Eksplozje na gazociągach Nord Stream. Rada Bezpieczeństwa odrzuciła wniosek Rosji

Rada Bezpieczeństwa ONZ.
Rada Bezpieczeństwa ONZ. Zdjęcie ilustracyjne. / Dostawca: PAP/EPA
REKLAMA

Rada Bezpieczeństwa ONZ odrzuciła we wtorek (czasu polskiego) wniosek Rosji o przeprowadzenie niezależnego międzynarodowego śledztwa w sprawie eksplozji na gazociągach Nord Stream 1 i 2 na Morzu Bałtyckim.

Moskwę poparły tylko Chiny i Brazylia, pozostali członkowie Rady wstrzymali się od głosu.

REKLAMA

Rada Bezpieczeństwa przyjmuje rezolucję, gdy popiera ją co najmniej dziewięć państw, a stali członkowie (USA, Rosja, Chiny, Wielka Brytania i Francja) nie zgłaszają weta.

W lutym Szwecja, Dania i Niemcy poinformowały, że prowadzone przez nie dochodzenia w sprawie „potężnego wybuchu będącego aktem sabotażu” nadal trwają, a Rosja jest informowana o ich przebiegu. Do eksplozji, które uszkodziły gazociągi łączące Rosję z Niemcami, doszło 26 września ubiegłego roku.

Wniosek do Rady Bezpieczeństwa o przeprowadzenie międzynarodowego dochodzenia Rosja złożyła przed miesiącem. Składając go, ambasador Rosji Wasilij Nebenzja powiedział, że „bez obiektywnego i transparentnego międzynarodowego śledztwa niemożliwe będzie dotarcie do prawdy”.

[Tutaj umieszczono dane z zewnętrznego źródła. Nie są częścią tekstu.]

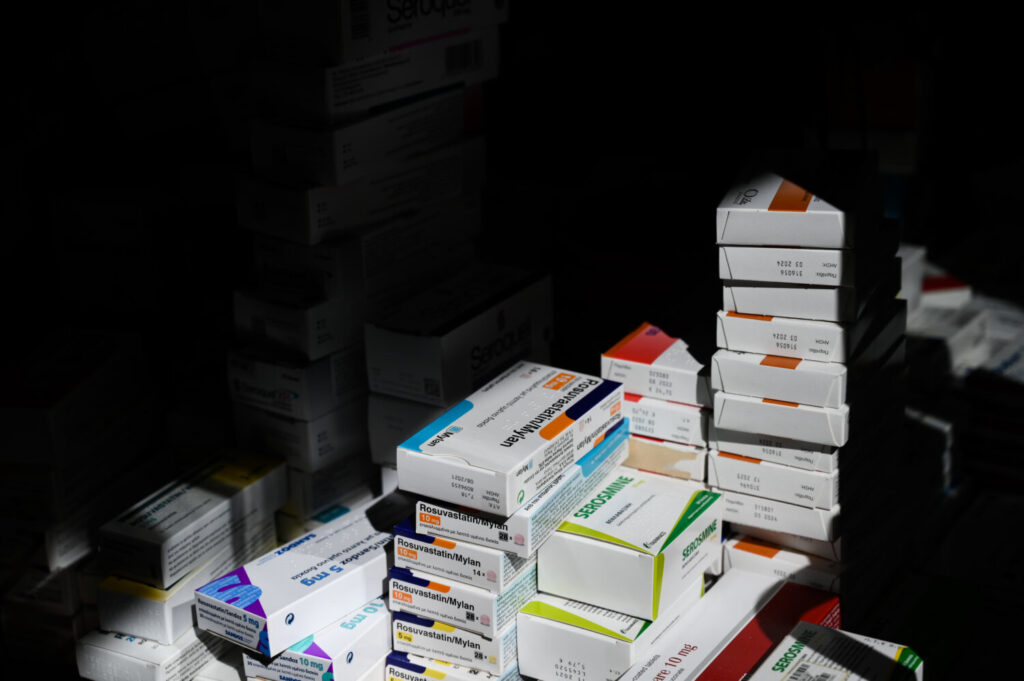 ΕΟΦ: Ανάκληση παρτίδων φαρμακευτικού προϊόντος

Członkowie Rady Bezpieczeństwa uznali jednak, że z ewentualnym międzynarodowym śledztwem pod egidą ONZ należy poczekać do zakończenia krajowych dochodzeń w Szwecji, Danii i Niemczech. Dochodzenia prowadzone przez te kraje „przebiegają kompleksowo, są transparentne i bezstronne” – ocenili.

Zdaniem zastępcy ambasadora USA Roberta Wooda, wniesiony przez Moskwę projekt nie był próbą dochodzenia do prawdy. Miał na celu zdyskredytowanie dochodzeń krajowych, a także podważenie wszelkich wniosków, które nie byłyby zgodne z polityczną narracją Rosji.